Hierarchical faceting – Pivot facets in trunk
Join the DZone community and get the full member experience.
Join For Free
in a large number of implementations which i took part in, sooner or
later, the question arise – what can we do to get faceting as a tree
structure. of course there some tricks for that, however, their use was
to modify the data and appropriate processing of the results on
application side. it was not particularly functional, nor especially
comfortable. however, a few days ago solr version 4.0 has been enhanced
with code that is marked as
solr-792
in the system jira. let’s see in this case, how to get the faceting results as a tree.

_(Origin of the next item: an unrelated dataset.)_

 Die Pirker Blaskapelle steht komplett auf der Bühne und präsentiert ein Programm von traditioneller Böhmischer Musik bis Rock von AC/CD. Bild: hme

important note – at this point this
functionality is only available in version 4.0, solr, which is the
development version. to use this version you need to download the code
from trunk of lucene/solr svn repository.
a few words at the beginning
in many projects in which i had the opportunity to deal with there
was a need to use a hierarchical faceting. one of the simplest example
is the requirement of showing the cities in the provinces and the
number of documents in both provinces, as well as in various cities.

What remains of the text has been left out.